I was hoping for integration with the TV so I could get tweets mentioning me to appear on the screen while watching etc....

It was pretty cool to show off I was tweeting from my new TiVo though


----------



## Digital Fanatic (Feb 16, 2011)

big_dirk said:


> yes, yes it is
> 
> *
> I was hoping for integration with the TV so I could get tweets mentioning me to appear on the screen while watching e*....
> ...


Totally agree

That's already been fed back


----------



## Buzby (Feb 21, 2011)

That would be nice. I somehow also thought there would be a browser app so this 10Mb connection could be used for a quick check of webmail or a maybe browse when tireing of TV. or perhaps to follow up a URL provided by a broadcaster. 

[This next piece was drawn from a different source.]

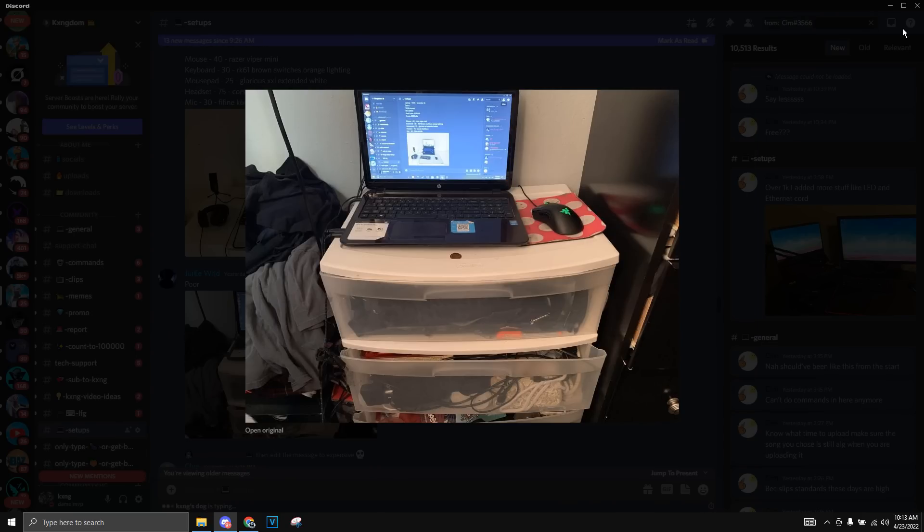Now we're gonna be moving on to the more cheaper and budget side of the laptop setups. We got Juice Will right here. He has a really weird setup — some type of HP laptop that looks like a school laptop, with the Razer DeathAdder Elite mouse. This mouse pad literally looks like it was taken from the garbage, but I guess it gets the work done. His sort of table is this little cabinet drawer thing with his clothes. It's a really weird setup, but I give it a 7 out of 10 — he's making it work with what he has, so respect for that.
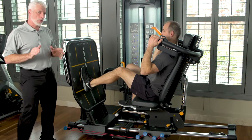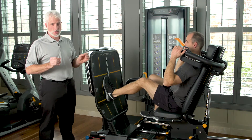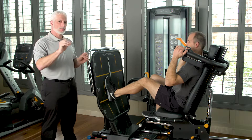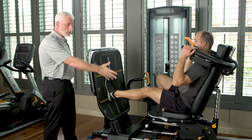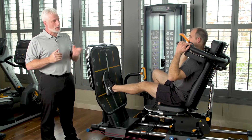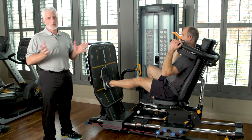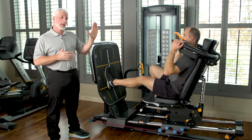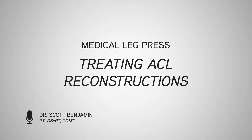One thing to point out right away: if you notice, he did not flex all the way, and the reason he didn't do that is because he's protecting the graft. He's still getting quad power and glute power because he's exploding through the rebounding activity. He's also using extra band resistance at the bottom to gain more quad resistance through the range, but he's not flexing all the way to protect the knee and the graft. All ACL reconstructions can do this on this machine. You can also lay down the seat to get a different position so the muscle is worked differently as well.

This seemed a minimum for such a 'commected' device - hopefully things will open up during the year!


----------



## Digital Fanatic (Feb 16, 2011)

Buzby said:


> That would be nice. I somehow also thought there would be a browser app so this 10Mb connection could be used for a quick check of webmail or a maybe browse when tireing of TV. or perhaps to follow up a URL provided by a broadcaster.
> 
> This seemed a minimum for such a 'commected' device - hopefully things will open up during the year!


VM don't want to go the "web browser" route, that's what your VM broadband is for. This is a web connected stb that allows access to apps


----------



## Karnak (Jan 13, 2003)

Mr Fanatic; don't suppose that you have anything you could share on the type of apps we might expect in time? I've heard eBay and so forth but just wondering what else....


----------



## Faz (May 2, 2004)

I'm still stuck at the login screen! 

Can anyone advise how to enter capitals here?

Cheers!!


----------



## jonphil (Aug 7, 2002)

Just discovered that if you sign into mytivoapps with another virgin e-mail account you can setup another twitter account, great for if more than one person in the house uses twitter.
do agree a small popup over the screen would be good, same goes for weather information.
Needs to not distract too much from the program being watched.


----------



## Digital Fanatic (Feb 16, 2011)

Karnak said:


> Mr Fanatic; don't suppose that you have anything you could share on the type of apps we might expect in time? I've heard eBay and so forth but just wondering what else....


can't talk specifics at the moment, but VM are talking to everyone!


----------



## big_dirk (Feb 17, 2006)

Digital Fanatic said:


> can't talk specifics at the moment, but VM are talking to everyone!


interesting idea as it could potentially be advantageous for all 3 parties, the end user, VM and the app "vendor" - love it


----------



## VirginMediaPhil (Nov 27, 2009)

Digital Fanatic said:


> VM don't want to go the "web browser" route, that's what your VM broadband is for. This is a web connected stb that allows access to apps


What an incredibly stupid policy. Sure it might be hard, but when you can't browse the web on a web connected device, that is just plain daft.


----------



## Karnak (Jan 13, 2003)

In a rare disagreement with Google, I don't think a web browser on a TV is going to give a decent user experience any time soon. 

I feel the effort that would be involved from VM/TiVo to try and develop a credible one would be a waste and am glad that they have made this decision.


----------



## warrenrb (Jul 21, 2002)

I have to say, I don't think a browser on TV is a good experience. There are so many devices like laptops, tablets and smartphones which are better for living room browsing, I think this is a case of 'just because you can, doesn't mean you should'.

I got Twitter and Facebook on the last xbox dashboard update, and they are a complete waste of time and effort. I can't imagine anyone using them on a regular basis. I think the same goes for these kind of apps on TiVo.

YouTube makes sense, as it's video. Ebay could kind of make sense, if it was based around notifications/alerts while you are watching TV. But general browsing I don't think makes any sense at all. IMHO, of course.


----------



## TCM2007 (Dec 25, 2006)

All these apps-on Tv systems are clearly designed by and for batchelors who live alone.

In any kind of shared TV, communal viewing environment they are a complete fail, with the sole exception of YouTube/Netflix etc which are just a video source.

Still will be in half of all new TVs by 2013 apparently.


----------